This is the part where he saved the article.


You can be the most valuable player in a league and the least clutch. Clutch and WPA/LI are just offensive measures. But in close races, voters ought to drill deeper.


I support the 'what happened' argument, but war, ops+ and others measure that. And I have no problem with using wpa as a tie breaker or another piece of the puzzle, since we always say that war is the beginning of the discussion, not the end of the discussion.
   3. Ziggy: The Platonic Form of Russell Branyan Posted: September 26, 2017 at 05:46 PM (#5539511)
Sure, but WPA shouldn't even be a part of the discussion. A run scored or prevented in the first matters just as much as one in the ninth. Close and late is more exciting, not more important. We've been over this a million times folks.
   4. Walt Davis Posted: September 26, 2017 at 06:18 PM (#5539526)
The AL race is quite interesting as there are a few MVP "traditions" competing against one another. Usually the award goes to a non-slugger only in a season when there's no obvious slugger candidate. This year started off with Trout as the presumed favorite (cuz he's Trout) but Judge emerged almost immediately. Altuve and Correa also got reasonable early attention with the Astros' fast start but I don't think either would have made it then.

Of course Trout and Correa got hurt and Judge had his big slump. Altuve was the last one standing and his team had the best record in the AL. Giving the MVP to the smallest player in a season when the most HRs were hit -- no way reporters could resist that even if he didn't deserve it. He was the presumptive candidate by mid-late August. And usually when everybody knows who the MVP is at that point, that guy will win. But of course Judge has come storming back and the Indians now have the best record and have probably established themselves as the best team in the AL (it's not even close by WAA).

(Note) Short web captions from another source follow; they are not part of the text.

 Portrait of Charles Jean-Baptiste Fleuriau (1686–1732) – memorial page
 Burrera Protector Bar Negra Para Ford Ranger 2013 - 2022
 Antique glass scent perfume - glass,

I'm still guessing it will be Altuve with Judge having the consolation RoY available.

The NL is its own mess of inherently contradictory MVP traditions. Stanton leads in WAR but plays for an also-ran. Votto's just behind him but his team is even worse. The best playoff-bound candidates are two pitchers on the same team (Scherzer and Gio) and a guy who plays in Coors (Arenado). The defending champ Bryant is there in WAR terms but not in HR/RBI terms and even if he deserves one, Kris Bryant is never going to be given an MVP based on all-around play. Nobody on the Dodgers has made it to 6 WAR.

So it's probably Stanton easily which is a vote we can remember when they next screw Trout for missing the playoffs. The CYA should be a battle between Scherzer and Kershaw. Scherzer leads in WAR where Kershaw falls well short but Kershaw leads in ERA and wins. (League leader in IP? Jeff Samardzija of course!) Those are bWAR, fWAR is up to you. RoY goes to Bellinger.

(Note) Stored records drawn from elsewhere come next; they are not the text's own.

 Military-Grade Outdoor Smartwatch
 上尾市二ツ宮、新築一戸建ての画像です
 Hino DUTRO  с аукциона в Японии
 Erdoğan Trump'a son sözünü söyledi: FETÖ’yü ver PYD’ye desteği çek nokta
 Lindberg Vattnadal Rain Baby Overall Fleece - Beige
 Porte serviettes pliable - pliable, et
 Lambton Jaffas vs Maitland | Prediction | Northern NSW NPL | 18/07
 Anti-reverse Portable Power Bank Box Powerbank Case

By the way, by WAA, it's Nats with a slim lead over AZ and LAD. All of AZ's 17 WAA and 13.5 of the Nats' 17 WAA is from their pitchers. The Dodgers are more balanced and lead the league in WAApos while the Cubs are all offense (3rd in WAApos). Colorado is only the 7th best NL team by WAA with strong pitching and lousy position players.

On the article, it's fine but in the end just a summary. The point is to discuss other things to consider than WAR but it doesn't provide any real insight on how to get to the decision. Basically, it argues for basing the award on what actually happened (i.e. less FIP-based) but then has the statement that cfb quoted that essentially means you can still weight WAR vs clutch vs whatever however you want to define "value."
   5. The Yankee Clapper Posted: September 26, 2017 at 06:54 PM (#5539538)
The AL MVP race may be so close that the performance of Altuve & Judge over the remaining games might make the difference. Six games for each, but neither is likely to play them all. The Yankees still have to clinch the 1st WC, and are also alive to win the Division, while the Astros are still battling for the #1 seed. That could all be wrapped up in a couple of days, or not. Could be fun, kind of like watching two guys fighting for the batting title, but neither one knows the precise formula.
   6. BDC Posted: September 26, 2017 at 08:20 PM (#5539566)
it's probably Stanton easily

56 was the NL home run record for so long that I look at today's "57" and say yikes, even though it's at this time tied for 9th on the NL single-season leaderboard.
   7. The Yankee Clapper Posted: September 26, 2017 at 08:26 PM (#5539572)
Wasn't aware of this. From ESPN:
Jose Altuve was hit on his left forearm in Monday's win for the Astros and left the game, but X-rays were negative and he has only a contusion. He's sitting on 199 hits as he tries to reach 200 for the fourth season in a row, but don't surprised if he sits a game or two with the postseason looming. If so, that gives Aaron Judge a couple games to hit some more home runs and gain ground in the MVP race.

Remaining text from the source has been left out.